| as sure as the devil is in London
                                    A provincial saying casting aspersions on the virtue of Londoners. The proverb also crossed the Atlantic.
 ‘Ay!’
                                    says the [Somerset] landlord, ‘we have a saying here in our country that ’tis as sure as the devil is in London,
                                    and if he was not there they could not be so wicked as they be.’
 Henry Fielding, in The Covent Garden Journal
                                    (23 April 1752)
 
 
 as the bell clinks, so the fool thinks or
                                    as the fool thinks, so the bell clinks A foolish person believes what he desires. The tale says that when Dick
                                    Whittington ran away from his master, and had got as far as Highgate Hill, he was hungry, tired and wished to return. The
                                    bells of St Mary-le-Bow began to ring, and Whittington fancied they said: ‘Turn again, Whittington, lord mayor of London.’
                                    The bells clinked in response to the boy’s thoughts.
                                    
 don’t be a sinner, be a winnerThe
                                    mantra of Philip Howard (b.1954), sometimes known as ‘megaphone man’, who around 1994 began haranguing West End
                                    shoppers with anti-consumerist, pro-faith messages. In 2006 he was served with an anti-social behaviour order, banning him
                                    from amplified preaching in the vicinity of Oxford Circus. He subsequently made appearances elsewhere and sometimes quietly
                                    distributed tracts at his old locus standi.

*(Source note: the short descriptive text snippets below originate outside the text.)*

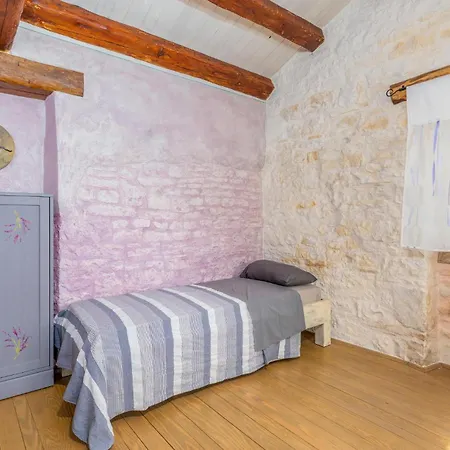 1 Bedroom Beautiful In דירה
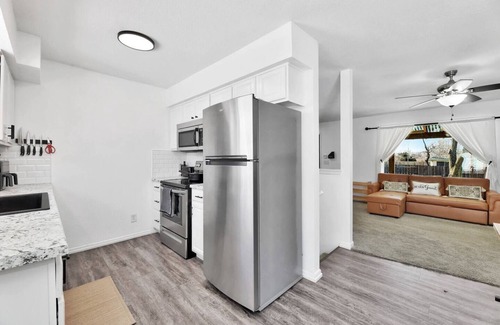 Wichita House | *Large groups welcome! Sleeps 10!*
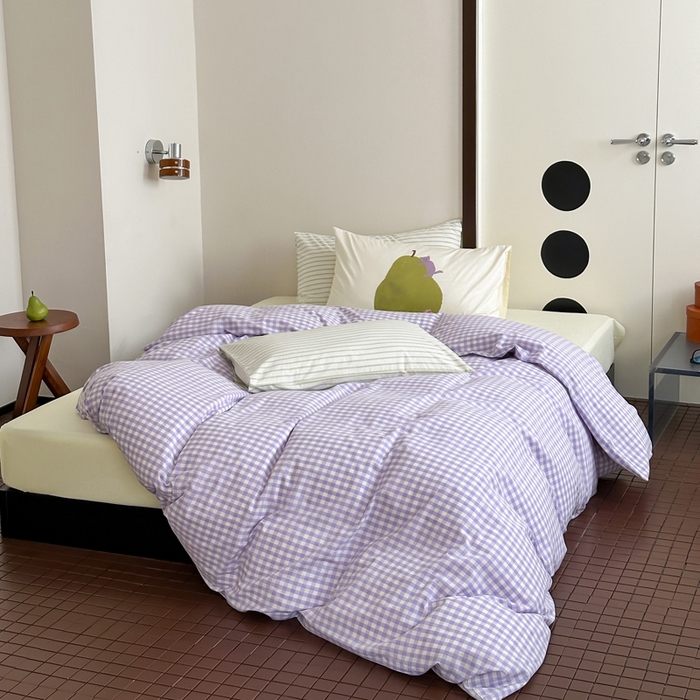 91家纺网 家纺一手货源 找家纺 艾沁家纺  2024新款32支全棉色织水洗棉四件套-紫猫+肥梨 紫格子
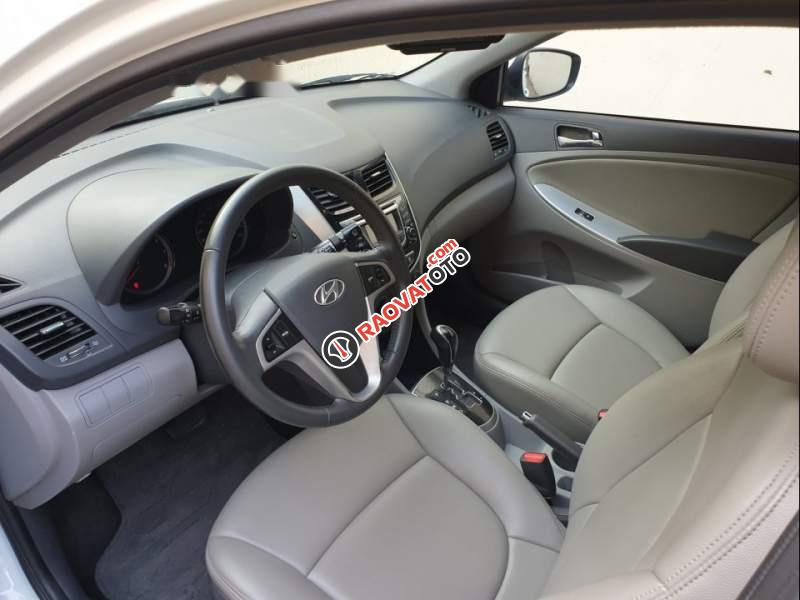 Cần bán lại xe Hyundai Accent đời 2014, màu trắng, xe nhập chính chủ, giá 435tr-1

 Last summer he was cleared of harassment, and, satisfied,
                                    told journalists: ‘This proves once and for all that Satan won’t win.’ He’s a London landmark, a red-faced
                                    Big Ben or shouty Nelson’s Column.
 The Guardian (5 May 2006)
 a fool will not part with his bauble for the Tower
                                    of LondonAn ancient proverb, coined before 1500, when the Tower was the storehouse of the nation’s
                                    wealth.
 There the silver, the mint of money; and there the brass and iron to defend it, the armoury and storehouse
                                    of ordnance; yet fools so dote on their darling fancies, that they prize them above all this treasure.
 Thomas Fuller:
                                    The History of the Worthies of England (1662)
 
 justice is open to all; like the Ritz hotel The more money you have, the better access you have to the legal system.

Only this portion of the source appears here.